Work to be completed: Print all of the records. Exclude the images.

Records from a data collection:
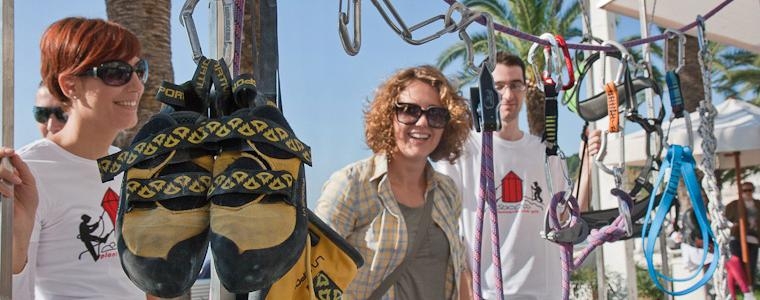 Održan Sajam mogućnosti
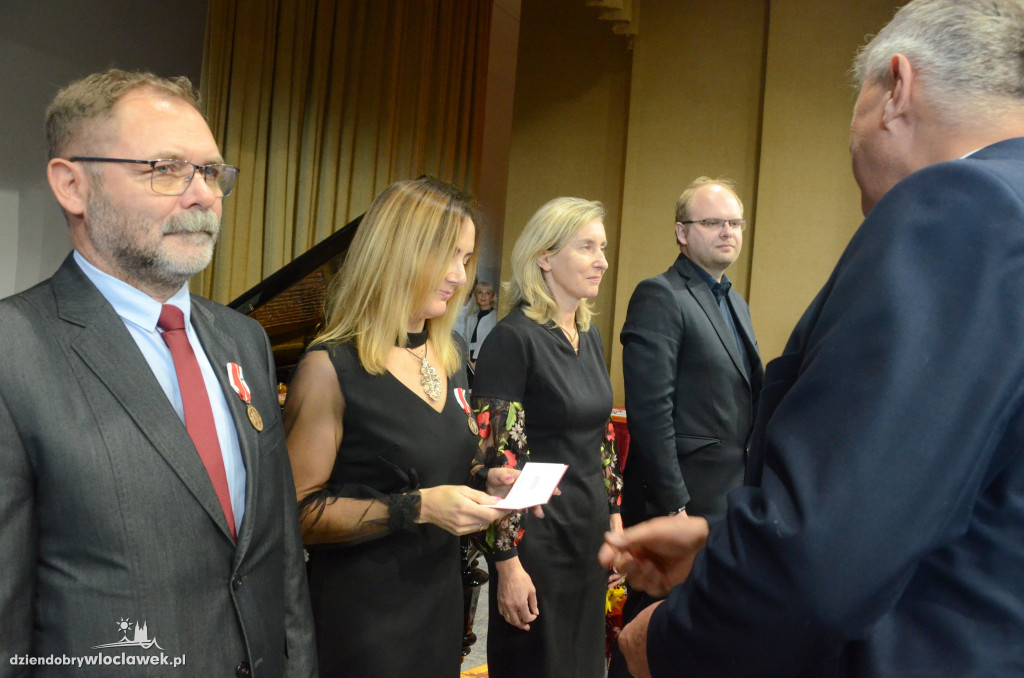 Nagrody dla nauczycieli z Włocławka i okolic (cz.2)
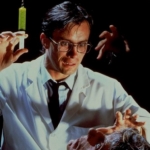 Image for the Film programme "Re-Animator"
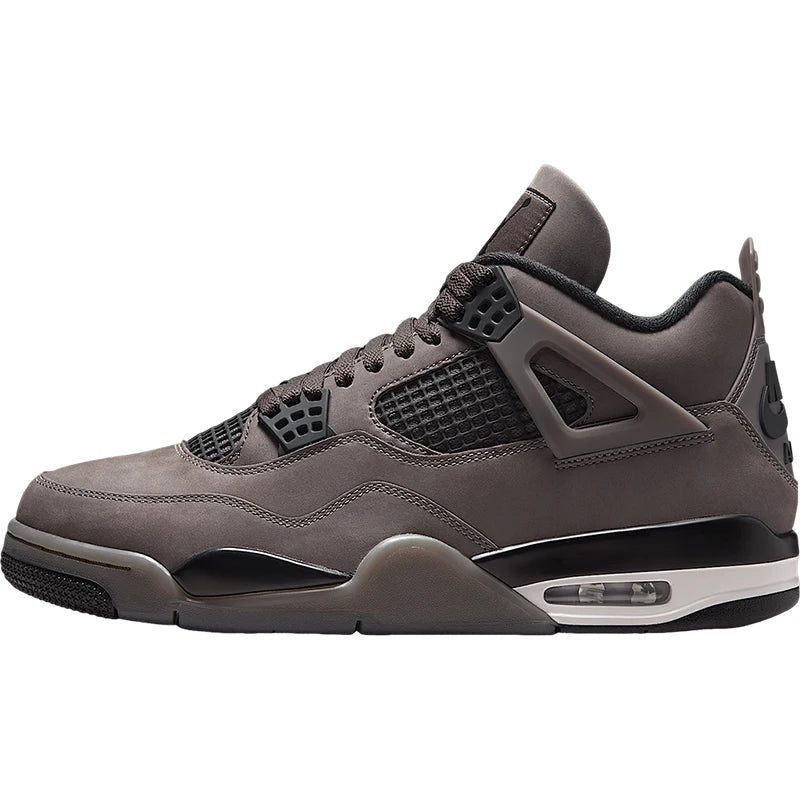 Nike genuine Air Jordan 4 Retro men's retro basketball shoes FV5029-200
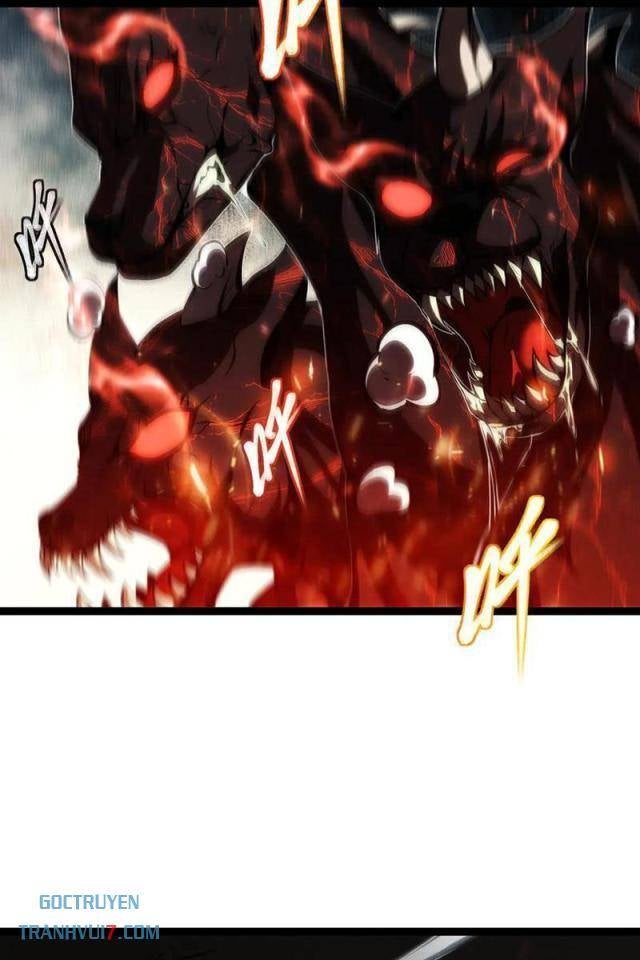 Thâm Uyên Chi Chủng - Page 37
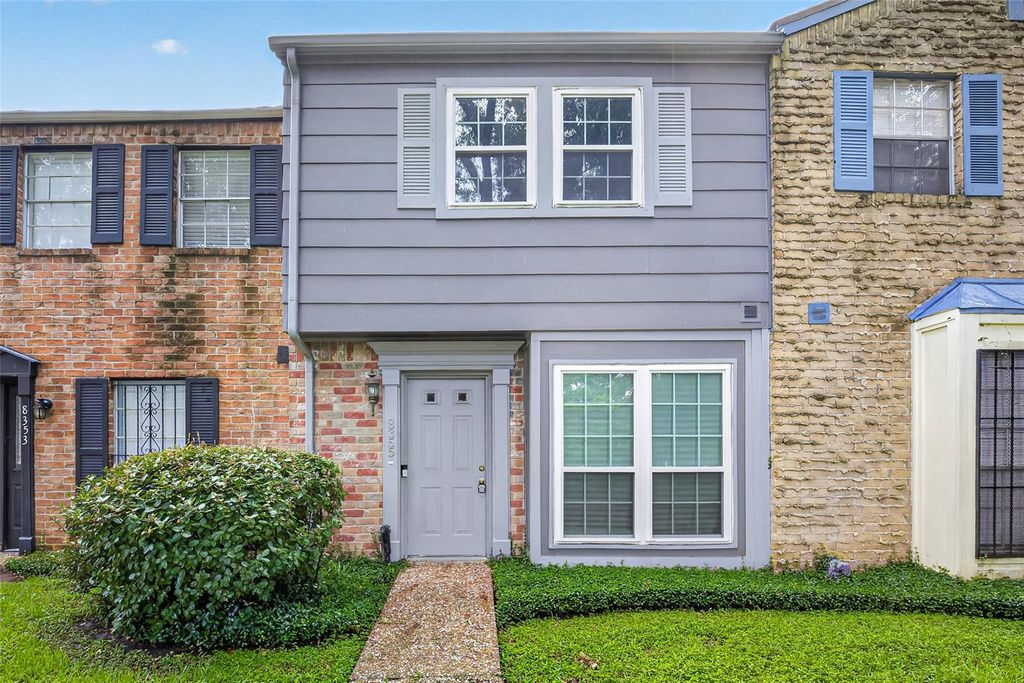 8355 Nairn St, Houston, TX Houst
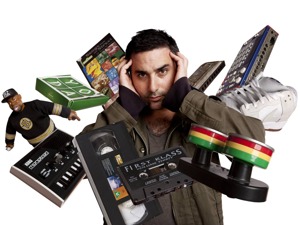 DJ Yoda artist photo
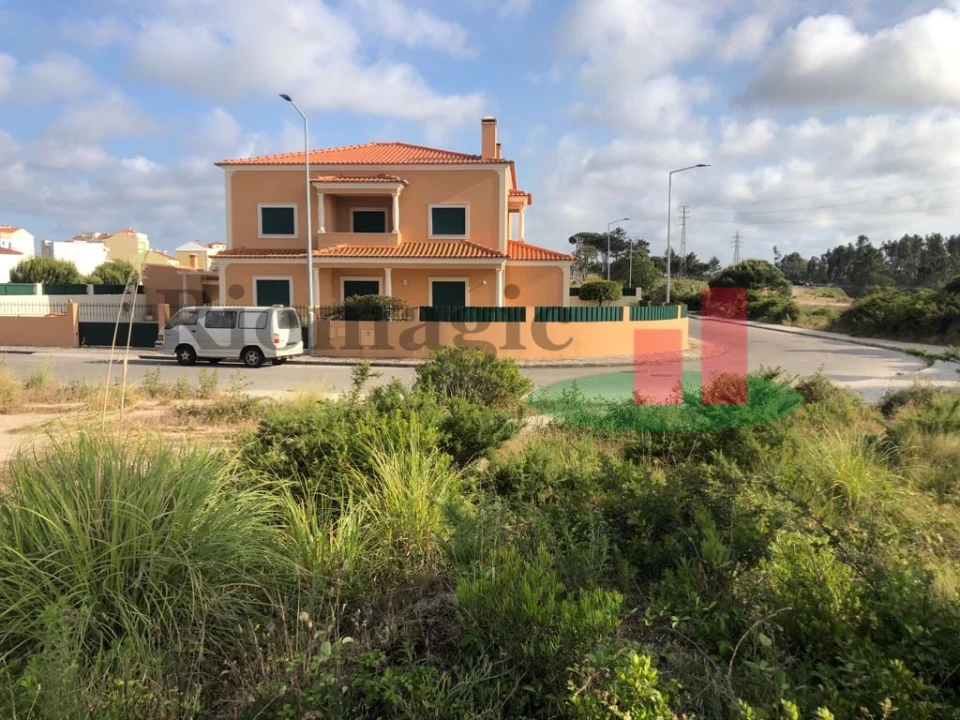 Terreno para Venda em Caldas da Rainha - Santo Onofre e Serra do Bouro Foto 8
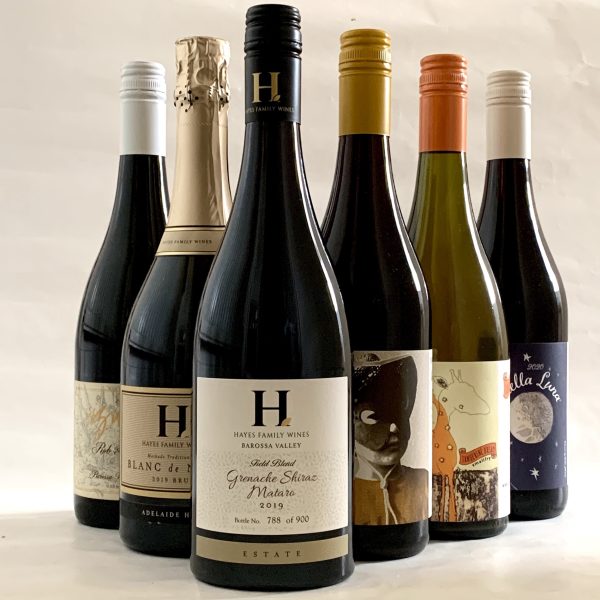 Barossa Valley - Third Time Around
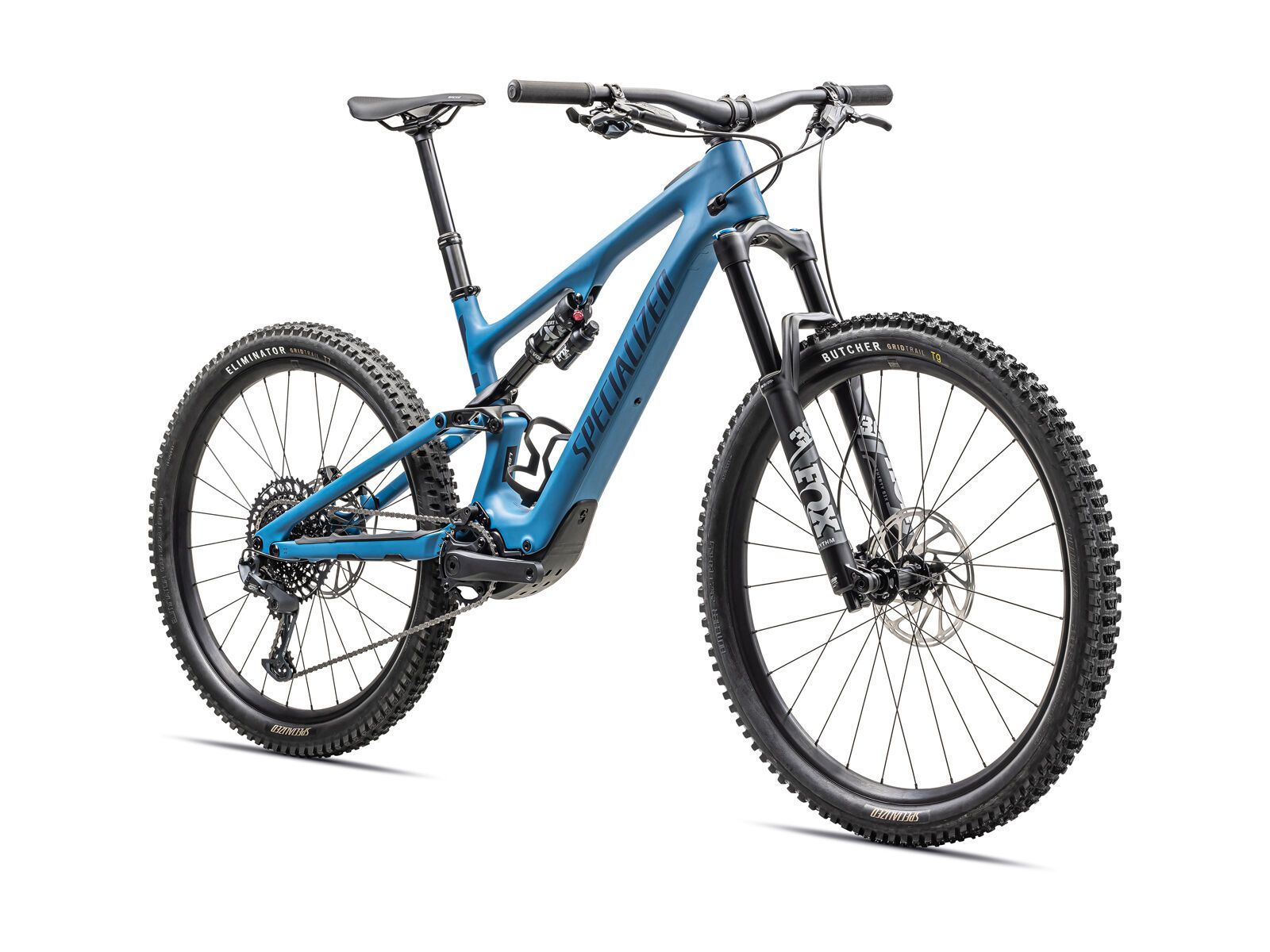 Specialized Turbo Levo SL Comp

Answer for this exercise:
 Održan Sajam mogućnosti
 Nagrody dla nauczycieli z Włocławka i okolic (cz.2)
 Image for the Film programme "Re-Animator"
 Nike genuine Air Jordan 4 Retro men's retro basketball shoes FV5029-200
 Thâm Uyên Chi Chủng - Page 37
 8355 Nairn St, Houston, TX Houst
 DJ Yoda artist photo
 Terreno para Venda em Caldas da Rainha - Santo Onofre e Serra do Bouro Foto 8
 Barossa Valley - Third Time Around
 Specialized Turbo Levo SL Comp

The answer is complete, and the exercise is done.